*What the exercise asks*: Search term "Ranch": please copy every line of the records below that contains it.

*Stored data*:
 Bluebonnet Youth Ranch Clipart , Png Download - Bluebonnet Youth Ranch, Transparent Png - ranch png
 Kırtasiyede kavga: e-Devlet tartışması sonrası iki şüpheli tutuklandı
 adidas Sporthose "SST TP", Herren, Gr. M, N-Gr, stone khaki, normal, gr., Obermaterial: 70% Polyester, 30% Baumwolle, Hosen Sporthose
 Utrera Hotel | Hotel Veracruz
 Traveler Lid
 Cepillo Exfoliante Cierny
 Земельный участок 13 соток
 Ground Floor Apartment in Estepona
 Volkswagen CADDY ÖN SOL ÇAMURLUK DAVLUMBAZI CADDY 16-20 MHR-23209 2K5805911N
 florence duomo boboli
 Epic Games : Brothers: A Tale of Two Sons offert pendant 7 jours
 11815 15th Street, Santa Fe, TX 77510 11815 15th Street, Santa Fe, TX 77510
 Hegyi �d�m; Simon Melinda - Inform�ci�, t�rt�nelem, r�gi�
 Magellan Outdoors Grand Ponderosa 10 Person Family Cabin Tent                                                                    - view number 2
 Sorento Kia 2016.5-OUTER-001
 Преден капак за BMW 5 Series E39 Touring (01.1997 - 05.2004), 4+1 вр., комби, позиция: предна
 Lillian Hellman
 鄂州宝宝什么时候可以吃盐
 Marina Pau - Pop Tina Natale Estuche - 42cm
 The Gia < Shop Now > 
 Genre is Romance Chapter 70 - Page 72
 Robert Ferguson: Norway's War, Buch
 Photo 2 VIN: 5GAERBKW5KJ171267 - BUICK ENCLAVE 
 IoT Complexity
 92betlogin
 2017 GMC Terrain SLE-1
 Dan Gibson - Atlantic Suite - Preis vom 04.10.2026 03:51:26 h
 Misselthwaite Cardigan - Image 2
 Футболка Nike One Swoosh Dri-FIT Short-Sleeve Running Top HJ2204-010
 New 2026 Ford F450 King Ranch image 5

*Answer*:
 Bluebonnet Youth Ranch Clipart , Png Download - Bluebonnet Youth Ranch, Transparent Png - ranch png
 New 2026 Ford F450 King Ranch image 5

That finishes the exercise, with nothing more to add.